There is strong relationship between science and mathematics. Science provides mathematics with interesting problem to investigate and mathematics provides science with powerful tools to use in analyzing the data. Also the mathematics is chief language of science. The symbolic language of mathematics has turned out to be externally valuable for expressing scientific idea unambiguously. We can list the nature of mathematics as follows:

Ø Mathematics is an inductive science

Ø Mathematics is a way of thinking

Ø Mathematics is an organized structure of knowledge

Ø Mathematics is an science and art both

Ø Mathematics is a language

Ø Mathematics is a study of patters.

As stated above mathematics can be categorized in to two parts.

(i) Pure Mathematics: 'Broadly speaking, pure mathematics is mathematics motivated entirely for reasons other than application. It is distinguished by its rigor, abstraction, and beauty. From the eighteenth century onwards, this was a recognized category of mathematical activity, sometimes characterized as speculative mathematics, and at variance with the trend towards meeting the needs of navigation, astronomy, physics, engineering, and so on'-Wikipedia

(ii) Applied mathematics: 'Applied mathematics considers the use of abstract mathematical tools in solving concrete problems in the sciences, business, and other areas. Applied mathematics has significant overlap with the discipline of statistics, whose theory is formulated mathematically, especially with probability theory. Statisticians (working as part of a research project) "create data that makes sense" with random sampling and with randomized experiments; the design of a statistical sample or experiment specifies the analysis of the data (before the data be available). When reconsidering data from experiments and samples or when analyzing data from observational studies, statisticians "make sense of the data" using the art of modeling and the theory of inference – with model selection and estimation; the estimated models and consequential predictions should be tested on new data' -Wikipedia

(b) Philosophy of mathematics

The philosophy of mathematics is the branch of philosophy that studies the philosophical assumptions, foundations, and implications of mathematics. The aim of the philosophy of mathematics is to provide an account of the nature and methodology of mathematics and to understand the place of mathematics in our lives. The logical and structural nature of mathematics itself makes this study both broad and unique among its philosophical counterparts. There are mainly three types of philosophy of mathematics referred as logistic school of thought, intuitionist school of thought and formalist school of thought whose brief description are presented below:

(i) Logicism: Logicism is the thesis that mathematics is reducible to logic, and hence nothing but a part of logic. All mathematical concepts are to be formulated in term of logical concept. All the theorem of mathematics is to be developed as theorems of logic. Gottlob Frege was the founder of logicism however Dedikind, Bertrand Russell, Whitehead have also given their contribution on school of logic. Every theorem is of the form logic. So logic is the fundamental bases of mathematics. Without logic mathematics is no more remains mathematics. Logicism holds that logic is the proper foundation of mathematics, and that all mathematical statements are necessary logical truths. For instance, the statement "If Socrates is a human, and every human is mortal, then Socrates is mortal" is a necessary logical truth. To the logicist, all mathematical statements are precisely of the same type; they are analytic truths, or tautologies. Logicism is just the claim that the theorems of mathematics are logically necessary or analytic. Logicism does not belive on formality, and mathematical discovery. If mathematics is a part of logic, then questions about mathematical objects reduce to questions about logical objects. But what, one might ask, are the objects of logical concepts? In this sense, logicism can be seen as shifting questions about the philosophy of mathematics to questions about logic without fully answering them.
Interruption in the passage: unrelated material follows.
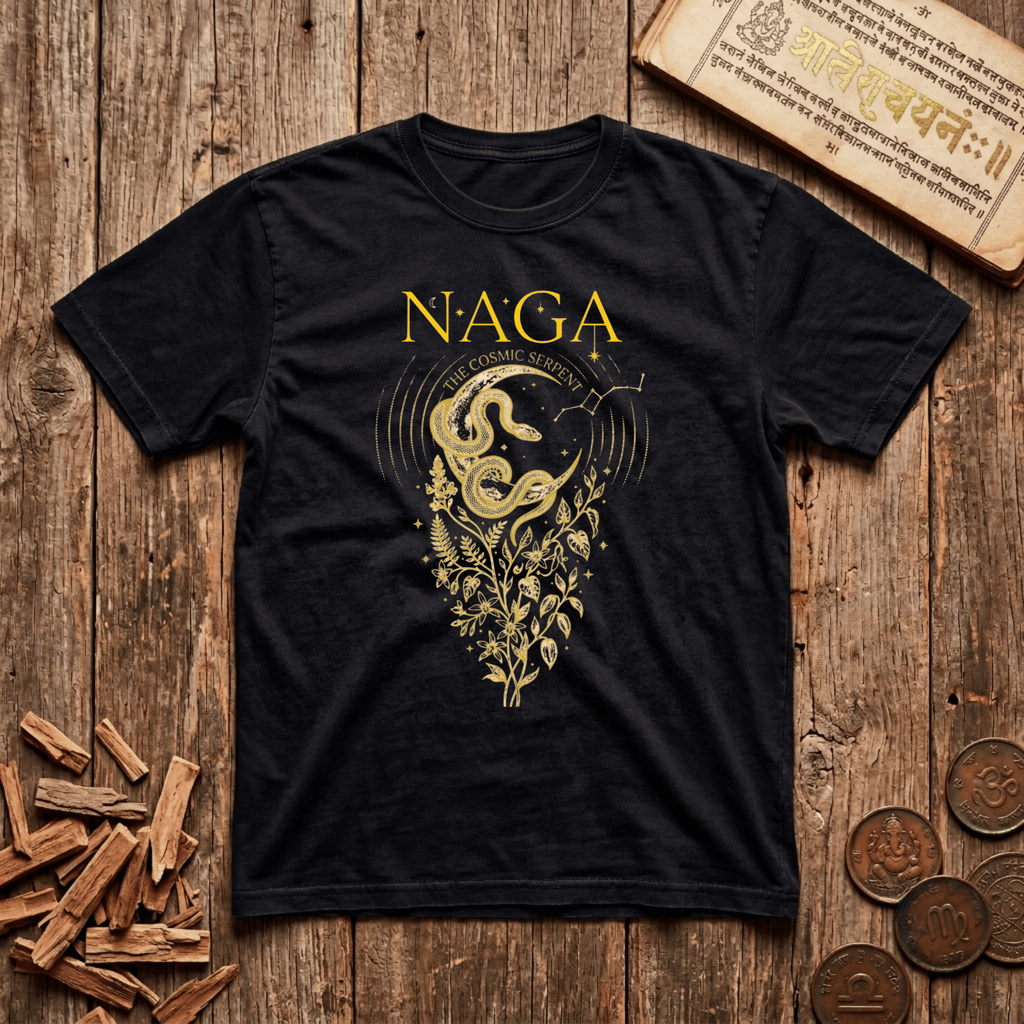 Naga — The Cosmic Serpent - Celestial Linework- T-Shirt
(ii) Intuitionism: Intuitionism is the immediate apprehension with out intervention of any logical process of knowledge of mental perception. Intuitionism is a philosophy of mathematics that was introduced by the Dutch mathematician L.E.J. Brouwer (1881–1966). Intuitionism is based on the idea that mathematics is a creation of the mind. The truth of a mathematical statement can only be conceived through mental construction that proves it to be true and the communication between mathematicians only serves as a means to create the same mental process in different minds. According as intuitionist philosopher mathematics is the production of human mind. From this school of thought we can say that mathematic is to be built solely by finite constrictive method on the intuitively given sequence of natural number. Thus Brouwer's intuitionism stands apart from other philosophies of mathematics; it is based on the awareness of time and the conviction that mathematics is a creation of the free mind, and it therefore is neither Platonism nor formalism. It is a form of constructivism, but only so in the wider sense, since many constructivists do not accept all the principles that Brouwer believed to be true. So intuitionism is no more like other philosophy of mathematics. It believes on the inner capacity of learner. How the individual perceive the knowledge is important than what they learn. Learning is the product of individuals mind.

(iii) Formalism: The formalist thesis is that mathematics is concerned with formal symbolic systems. If fact, mathematics is regarded as a collection of such abstract development, in which the terms are mere symbols and the statement are formulas involving these symbols are the ultimate base of mathematics. Formalism holds that mathematical statements may be thought of as statements about the consequences of certain string manipulation rules. A major early proponent of formalism was David Hilbert, whose program was intended to be a complete and consistent axiomatization of all of mathematics. Recently, some formalist mathematicians have proposed that all of our formal mathematical knowledge should be systematically encoded in computer-readable formats, so as to facilitate automated proof checking of mathematical proofs and the use of interactive theorem proving in the development of mathematical theories and computer software. Because of their close connection with computer science, this idea is also advocated by mathematical intuitionists and constructivists in the "computability" tradition (see below). It is usually said that formalist philosophy is the realist philosophy in present context. The intuitionism and logicism may not be sufficient of the learning of mathematics. To study about the geometry in class 10 the individual must study some basic knowledge about geometry in previous class. Every mathematical concept is in sequential form.